--- SOURCE DATA Enclosed Below ---
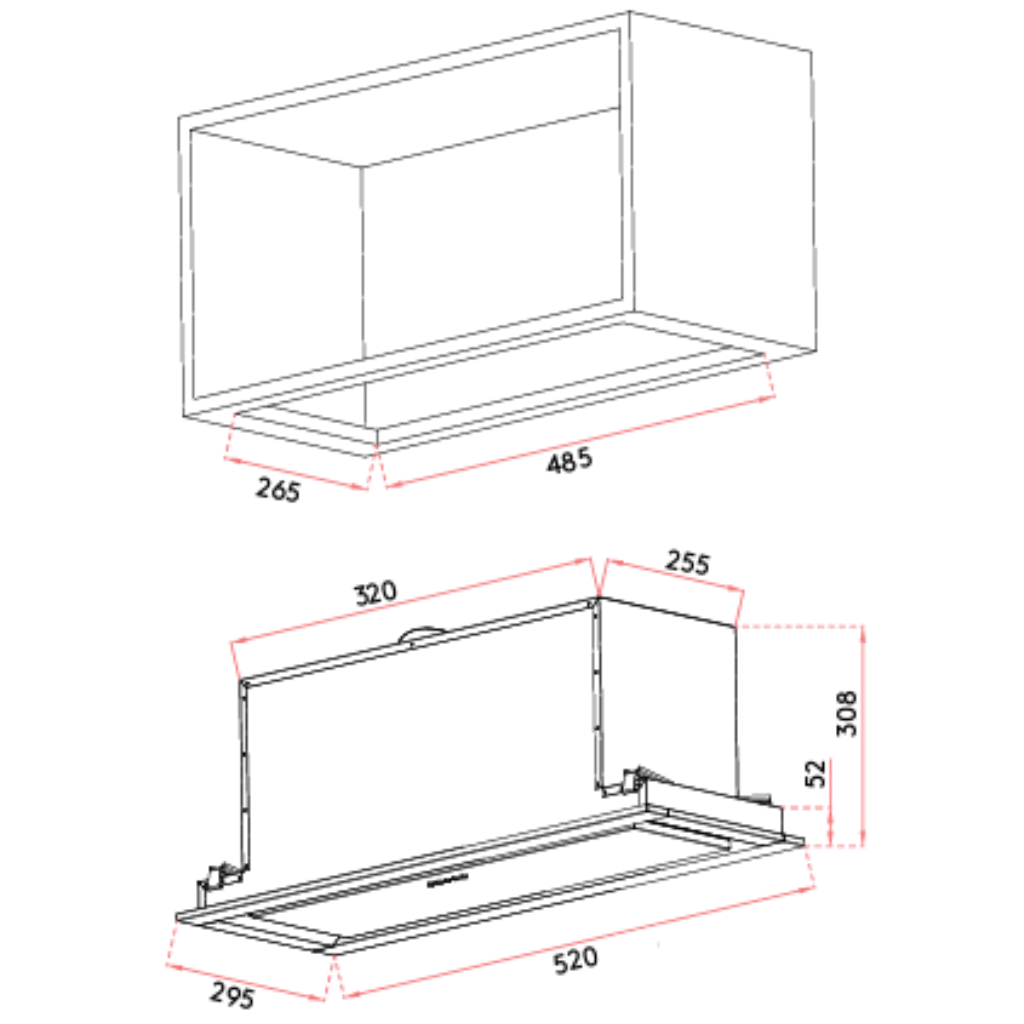 Inalto AUM52PS 52cm Undermount Stainless Steel Rangehood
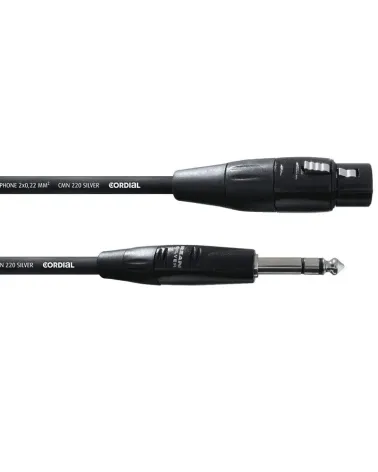 Cordial CIM 0,6 FV Cable Jack Macho Balanceado y XLR Hembra 0,6 Metros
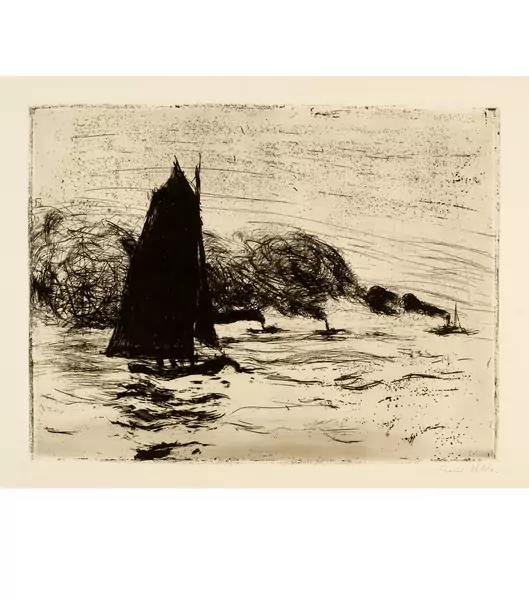 Emil Nolde — Segler und drei kleine Dampfer — Galerie Kornfeld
--- End of Enclosed SOURCE DATA ---
* PROBLEM: Could you return the whole listing exactly, images excluded?

* EXERCISE SOLUTION:
 Inalto AUM52PS 52cm Undermount Stainless Steel Rangehood
 Cordial CIM 0,6 FV Cable Jack Macho Balanceado y XLR Hembra 0,6 Metros
 Emil Nolde — Segler und drei kleine Dampfer — Galerie Kornfeld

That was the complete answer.